The effectiveness of intravenous tranexamic acid (TA) in reducing blood loss and transfusion requirements during total hip replacement (THR) is well recognised. The aim of this study was to assess the effectiveness of a fibrin sealant in comparison to intravenous TA and a control group.
We prospectively studied 273 patients with primary hip osteoarthritis who underwent a THR between February 2012 and September 2013. The first 73 patients acted as the control group. The next 100 consecutive patients received fibrin sealant spray, and the last 100 patients received 1 g TA on induction.
The demographic characteristics, surgical time, surgeon grade, anaesthetic type and pre-operative haemoglobin of the three groups were comparable. Both fibrin sealant and intravenous TA were effective in reducing blood loss during THR (15%, p = 0.04 and 22.5%, p = 0.01, respectively), when compared to the control group. However, neither treatment was found to be superior to the other in preventing blood loss p = 0.39. Tranexamic acid was superior to fibrin sealant in decreasing allogeneic transfusion requirements (0 vs. 10%, p = 0.05).

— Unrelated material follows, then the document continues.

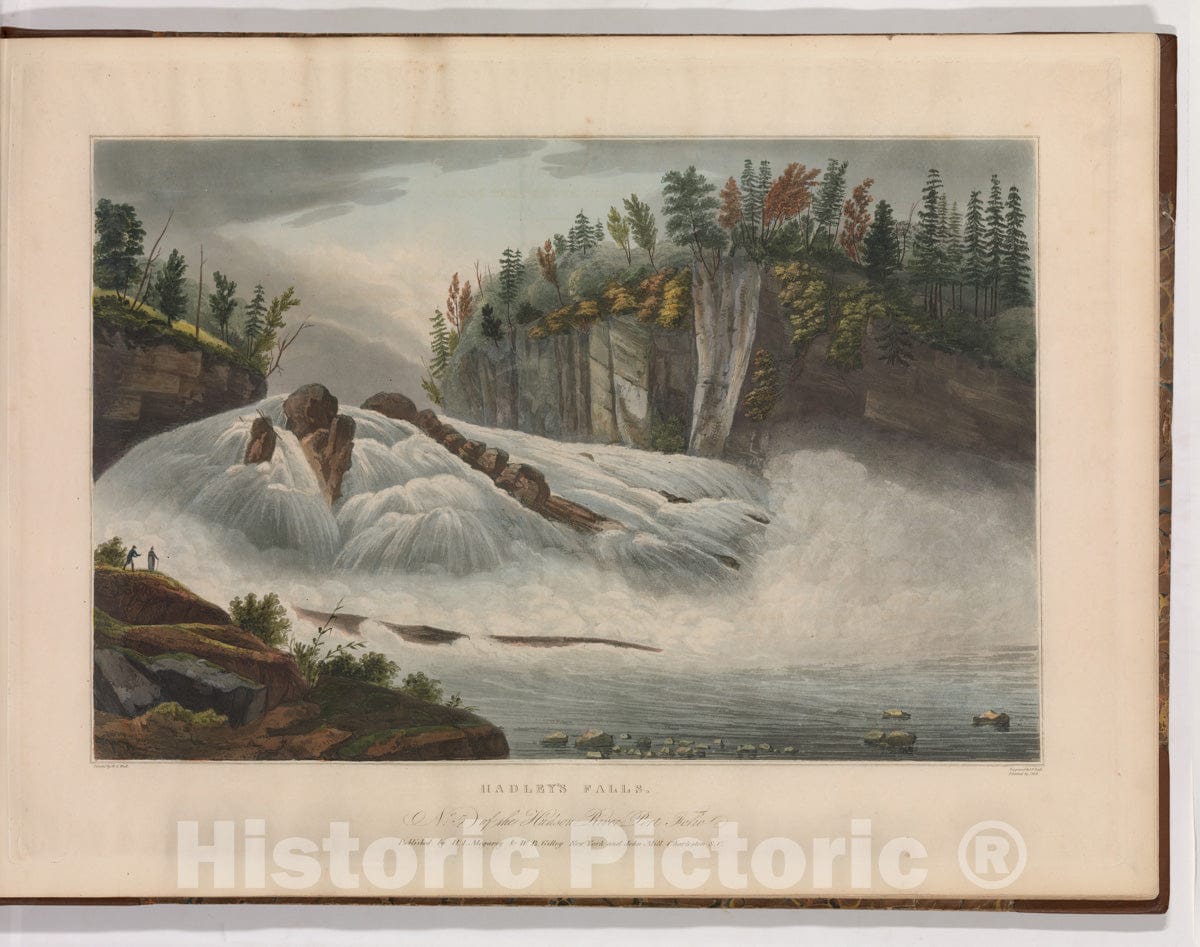 Art Print : Begun by John Rubens Smith - Hadley's Falls (No. 5 of The Hudson River Portfolio) : Vintage Wall Art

There was no significant difference between the groups with regard to proportion of patients with wound leaking problems.
Both fibrin sealant and intravenous tranexamic acid were effective in reducing blood loss. However, tranexamic acid use reduced post-operative transfusion requirements.

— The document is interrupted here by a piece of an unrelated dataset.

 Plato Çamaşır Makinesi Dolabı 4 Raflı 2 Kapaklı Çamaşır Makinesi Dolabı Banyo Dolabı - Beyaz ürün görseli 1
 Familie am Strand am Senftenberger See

静脉注射氨甲环酸(TA)在全髋关节置换术(THR)中减少失血和输血需求的有效性已得到充分认可。本研究的目的是评估纤维蛋白密封剂与静脉注射TA及对照组相比的有效性。
我们前瞻性地研究了2012年2月至2013年9月期间接受THR的273例原发性髋骨关节炎患者。前73例患者作为对照组。接下来连续的100例患者接受纤维蛋白密封剂喷雾,最后100例患者在诱导时接受1g TA。

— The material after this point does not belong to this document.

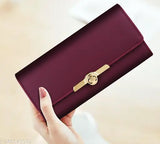 Faux leather hand clutch, women's and girls twist lock wallet, solid net design, 4 card slot, free size (9x4 in), stylish and spacious, India-made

三组患者的人口统计学特征、手术时间、外科医生级别、麻醉类型和术前血红蛋白水平具有可比性。与对照组相比,纤维蛋白密封剂和静脉注射TA在THR期间均能有效减少失血(分别为15%,p = 0.04;22.5%,p = 0.01)。然而,在预防失血方面,两种治疗方法均未显示出优于对方(p = 0.39)。在减少异体输血需求方面,氨甲环酸优于纤维蛋白密封剂(0%对10%,p = 0.05)。在伤口渗漏问题患者比例方面,各组之间无显著差异。
纤维蛋白密封剂和静脉注射氨甲环酸在减少失血方面均有效。然而,使用氨甲环酸可降低术后输血需求。